Some people are always looking for a fight and it is unfortunate that she choose you to vent her anger on.
Keep on twittering and blogging away….. 🙂
Maybe the person commenting was just having a bad day? I don’t see how that could be perceived as being a racist rant. Where is race or even Aurora mentioned in that tweet? I’ve seen them and have experienced them myself on Twitter. Maybe she’ll calm down, eat some ice cream and enjoy each precious moment.
Ha, I suggested she try to slow down and enjoy her day… she ripped me for assuming she wasn’t enjoying her day. 🙂 Sometimes you just can’t say anything that helps. 🙂
Two lessons….1. Listen to your instincts.
2. Some people are unstable and just looking to pick a fight.
Thanks, I’ve been taught those lessons over and over. I wonder how many times it will take before I decide to use those two little nuggets 🙂
Thanks for sharing your experience and your concerns, Steve, with a difficult situation. It says a lot about you that you’re still thinking about the best way to respond and help both yourself and the other person. You’ve helped me. I feel better prepared if I find myself in a similar situation in the future. Sounds like there’s no point in responding to someone who is looking for a fight as it’s not going to go anywhere no matter what you do.

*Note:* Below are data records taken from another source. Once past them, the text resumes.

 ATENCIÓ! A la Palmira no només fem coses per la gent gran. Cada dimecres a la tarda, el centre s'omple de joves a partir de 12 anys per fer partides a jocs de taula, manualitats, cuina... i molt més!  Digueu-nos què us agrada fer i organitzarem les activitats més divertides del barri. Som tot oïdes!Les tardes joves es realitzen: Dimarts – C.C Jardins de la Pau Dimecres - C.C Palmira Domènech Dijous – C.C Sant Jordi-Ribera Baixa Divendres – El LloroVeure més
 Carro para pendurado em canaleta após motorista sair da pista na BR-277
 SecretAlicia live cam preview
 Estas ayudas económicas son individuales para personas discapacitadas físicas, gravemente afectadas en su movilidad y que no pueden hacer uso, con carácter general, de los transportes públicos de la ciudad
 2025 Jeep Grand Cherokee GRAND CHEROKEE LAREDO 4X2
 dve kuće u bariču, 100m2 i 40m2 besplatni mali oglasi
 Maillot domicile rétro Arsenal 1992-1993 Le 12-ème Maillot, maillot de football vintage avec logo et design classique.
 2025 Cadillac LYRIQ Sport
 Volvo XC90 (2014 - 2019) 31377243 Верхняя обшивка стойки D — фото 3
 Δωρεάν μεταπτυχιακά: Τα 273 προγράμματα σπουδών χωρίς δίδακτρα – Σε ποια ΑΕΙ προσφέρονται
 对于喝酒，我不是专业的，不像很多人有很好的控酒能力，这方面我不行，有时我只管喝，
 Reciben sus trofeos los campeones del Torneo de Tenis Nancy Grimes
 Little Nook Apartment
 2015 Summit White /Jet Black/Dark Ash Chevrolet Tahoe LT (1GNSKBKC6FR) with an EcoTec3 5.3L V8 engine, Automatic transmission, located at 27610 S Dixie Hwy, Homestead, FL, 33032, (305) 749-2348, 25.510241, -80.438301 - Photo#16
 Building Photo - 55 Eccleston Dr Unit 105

Thanks, you’re right about that, with her mindset there really wasn’t anything I could say that would have made sense to her. It just took me a little too long to figure that out. 🙂
Some people are mad at the world. It’s not anything that you did or said. Unfortunately, you just happened to catch her eye.
I’ve found that the best thing to do is take the high ground and move on.
Have a wonderful day.
Thanks Frank, I was so caught off guard by her comments and it seemed that every this I tried to make it “better” only made it worse. I guess I didn’t have much positive impact on her but I hope she made herself a better Monday. She clearly wasn’t having a very good Sunday.